Pictures with short captions
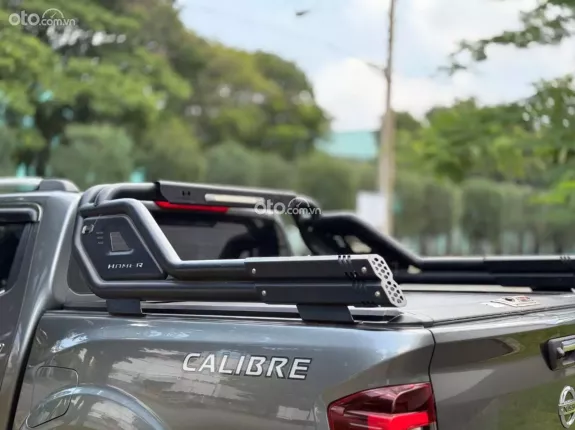 Nissan Navara VE 2WD Tiêu chuẩn 2020 - Xe lướt. Cam kết chính hãng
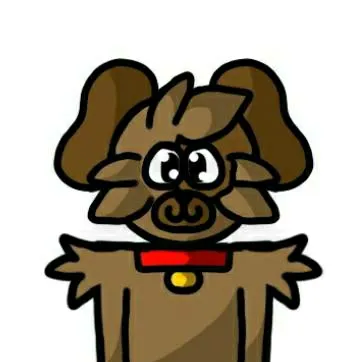 chat with ai character: 🧡PERRO🧡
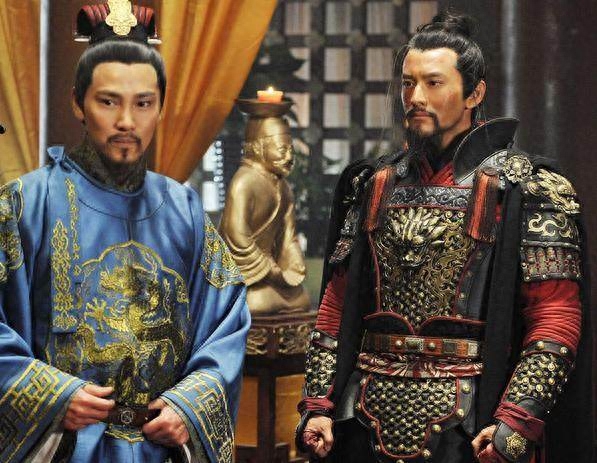 史上二十句狂出天际的铁骨铮铮之言，读一下都热血沸腾！(图14)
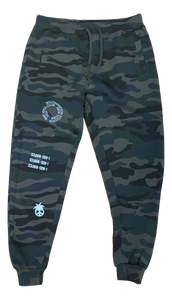 Peace Sweats - Camo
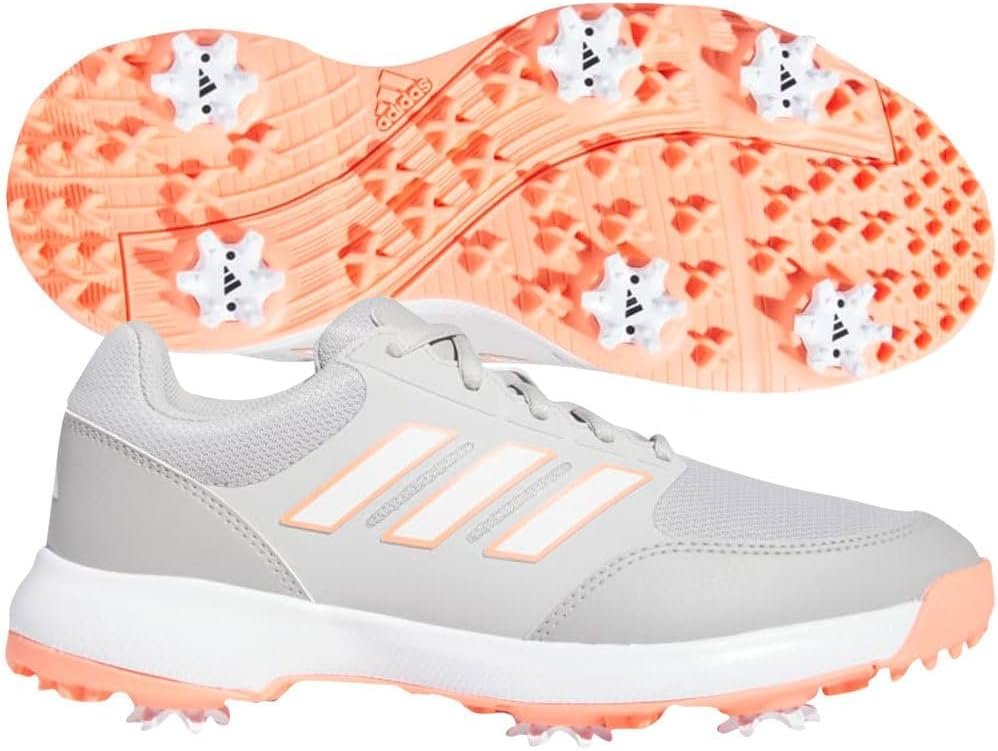 adidas Women’s Tech Response 3.0 Golf Shoes Shoes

WORK ITEM
Reproduce every entry word for word, but skip any pictures.

TASK SOLUTION
 Nissan Navara VE 2WD Tiêu chuẩn 2020 - Xe lướt. Cam kết chính hãng
 chat with ai character: 🧡PERRO🧡
 史上二十句狂出天际的铁骨铮铮之言，读一下都热血沸腾！(图14)
 Peace Sweats - Camo
 adidas Women’s Tech Response 3.0 Golf Shoes Shoes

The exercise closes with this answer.